In the California derivative action, In re JDS Uniphase Corporation Derivative Litigation, Master File No. CV806911 (Santa Clara Super. Ct.), the complaint asserts claims for breach of fiduciary duty, waste of corporate assets, abuse of control, gross mismanagement, unjust enrichment, and constructive fraud purportedly on behalf of the Company and certain of its current and former officers and directors. The complaint also asserts claims for violation of California Corporations Code Sections 25402 and 25502.5 against defendants who sold the Company’s stock and asserts claims for breach of contract, professional negligence, and negligent misrepresentation against the Company’s former auditor, Ernst & Young LLP. The complaint seeks unspecified damages. Following the verdict for Defendants in In re JDS Uniphase Corporation Securities Litigation, the Court in the California derivative action vacated all deadlines in that suit. A case management conference is scheduled for May 30, 2008. A case management conference also is set for the same date in the related shareholder inspection demand action.

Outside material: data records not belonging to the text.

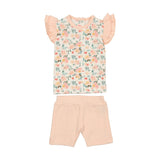 Floral Print 2-Piece Flutter Sleeve Top & Short Set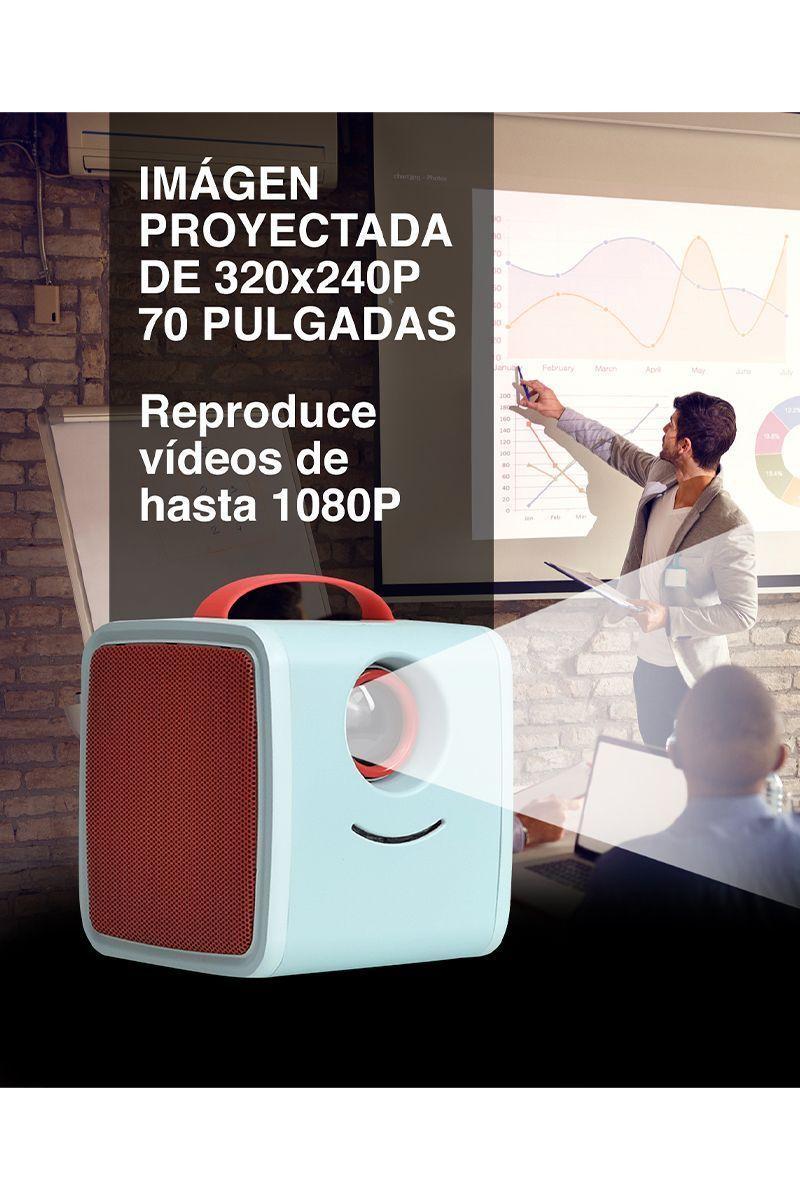 Mini Proyector Portátil 11,5x10,3x10,5 cm Celeste-2
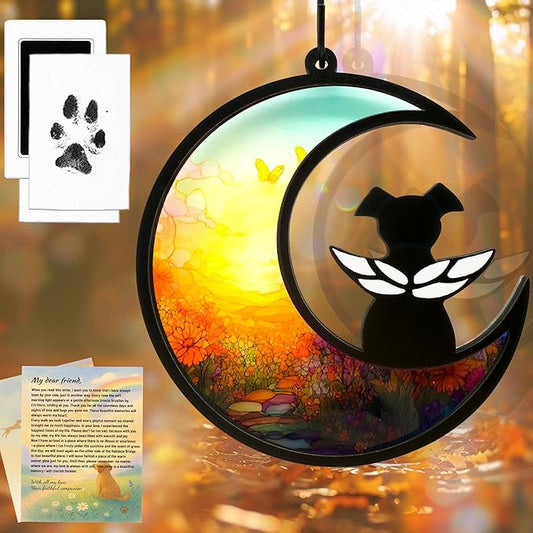 Dog Memorial Gift for Loss of Dog – DIY Angel Memorial Suncatcher & Paw Print Kit for Dogs with Sympathy Card | Pet Memorial Keepsake(Sunflower Glow)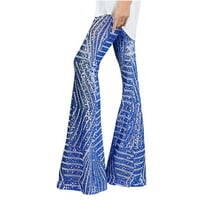 Airpow Clearence ženske modne šljokice čvrste širine noge visokog struka labave i udobne hlače plave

In Cromas v. Straus, Civil Action No. 19580 (Del. Ch. Ct.), the Delaware derivative action, Plaintiffs filed a notice and proposed order of voluntary dismissal without prejudice on April 24, 2008. The Court entered that order on April 25, 2008. No payment was made in connection with the dismissal.

The OCLI and SDL Shareholder Actions:

Plaintiffs purporting to represent the former shareholders of OCLI and SDL have filed suit against the former directors of those companies, asserting that they breached their fiduciary duties in connection with the events alleged in the securities litigation against the Company. Plaintiffs in the OCLI action, Pang v. Dwight, No. 02-231989 (Sonoma Super. Ct.), purport to represent a class of former shareholders of OCLI who exchanged their OCLI shares for JDSU shares when JDSU acquired OCLI. The complaint names the former directors of OCLI as Defendants, asserts causes of action for breach of fiduciary duty and breach of the duty of candor, and seeks unspecified damages. On March 4, 2007, the parties signed a memorandum of understanding regarding a settlement of the OCLI action. On February 20, 2008, the Court granted final approval of the settlement. The Court dismissed the action on March 10, 2008. The Plaintiffs in the SDL action, Cook v. Scifres, Master File No. CV814824 (Santa Clara Super. Ct.), purport to represent a class of former shareholders of SDL who exchanged their SDL shares for JDSU shares when the Company acquired SDL. Plaintiffs filed an amended complaint on November 20, 2006. The complaint names the former directors of SDL as Defendants, asserts causes of action for breach of fiduciary duty and breach of the duty of disclosure, and seeks unspecified damages. On March 6, 2007, the Court overruled Defendants’ demurrer to that complaint. Defendants answered the complaint on April 6, 2007. On February 20, 2008, Plaintiffs moved to stay the SDL action pending resolution of any appeal in In re JDS Uniphase Corporation Securities Litigation. That motion is scheduled to be heard on May 16, 2008. On March 28, 2008, Defendants moved for summary judgment. That motion is scheduled to be heard on June 13, 2008. A case management conference is scheduled for May 16, 2008. Limited discovery in the SDL action has occurred and no trial date has been set in that action.

The ERISA Actions:

A consolidated action entitled In re JDS Uniphase Corporation ERISA Litigation, Case No. C-03-4743 WWS (MEJ), is pending in the District Court for the Northern District of California against the Company, certain of its former and current officers and directors, and certain other current and former JDSU employees on behalf of a purported class of participants in the 401(k) Plans of the Company and Optical Coating Laboratory, Inc. and the Plans themselves. On October 31, 2005, Plaintiffs filed an amended complaint. The amended complaint alleges that Defendants violated the Employee Retirement Income Security Act by breaching their fiduciary duties to the Plans and the Plans’ participants. The amended complaint alleges a purported class period from February 4, 2000, to the present and seeks an unspecified amount of damages, restitution, a constructive trust, and other equitable remedies. Certain individual Defendants’ motion to dismiss portions of the amended complaint was granted with prejudice on June 15, 2006.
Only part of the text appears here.